Author Archives: CSU|LAW
Robertson to Serve as U.S. Reporter for Common Core of European Private Law Project
C|M|LAW Professor and Associate Dean, Heidi Gorovitz Robertson, who holds a joint appointment at CSU’s Levin College of Urban Affairs, will be serving as the United States Reporter for a new project of the Common Core of European Private Law. The Common Core projects, funded by the European Commission, the International University College of Turin (Italy) and others, examine aspects of European private law through the lens of carefully created case studies. The purpose is to discover the commonalities in law among the European nations by applying a consistent set of facts to the laws of various countries. In applying the law of their country to the case studies, reporters are asked to apply three levels of analysis, so the research goes beyond the rote application of fact to a civil code or common law structure. Reporters are asked to consider influences on the law of political, economics, geography, and other factors, and to make and discuss their predictions regarding outcome of the case studies. Robertson will be participating in the Access to Commons project for the Common Core of European Private Law. She was selected for this project based on her earlier work on public access to privately owned land for recreation, Public Access to Private Land for Walking: Environmental and Individual Responsibility as Rationale for Limiting the Right to Exclude, 23 Geo. Int. Envtl. L. Rev. 211 (2011).

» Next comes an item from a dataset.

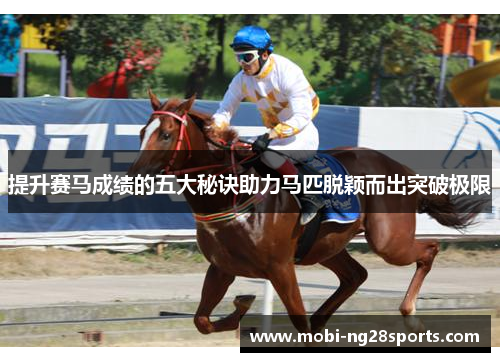 提升赛马成绩的五大秘诀助力马匹脱颖而出突破极限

Her article is available here: http://papers.ssrn.com/sol3/papers.cfm?abstract_id=1874046
To learn more about the Common Core Project, click here: http://www.common-core.org/index.php?option=com_content&view=article&id=46&Itemid=34
Ray Publishes on South African Constitutional Obligation to Provide Emergency Housing
Brian E. Ray, C|M|LAW’s Joseph C. Hostetler-Baker & Hostetler Professor of Law, published Courts, capacity and engagement: Lessons from Hlophe v City of Johannesburg in the Economic and Social Rights Review, a publication of the Social and Economic Rights Project at the University of the Western Cape’s Community Law Centre. The comment analyzes a recent South African housing-rights decision in which a court ordered the City of Johannesburg to detail the planning and budgeting processes it has developed to comply with its constitutional obligation to provide emergency housing to people rendered homeless by eviction from private property. Ray argues that this is one of the first cases where a South African court has used the right to housing to address broader, systemic problems in service delivery and connects this authority to the Constitutional Court’s meaningful engagement requirement. Ray conducted research for this comment while he was a Fulbright Scholar at the Community Law Centre and the University of Stellenbosch from January through August 2013.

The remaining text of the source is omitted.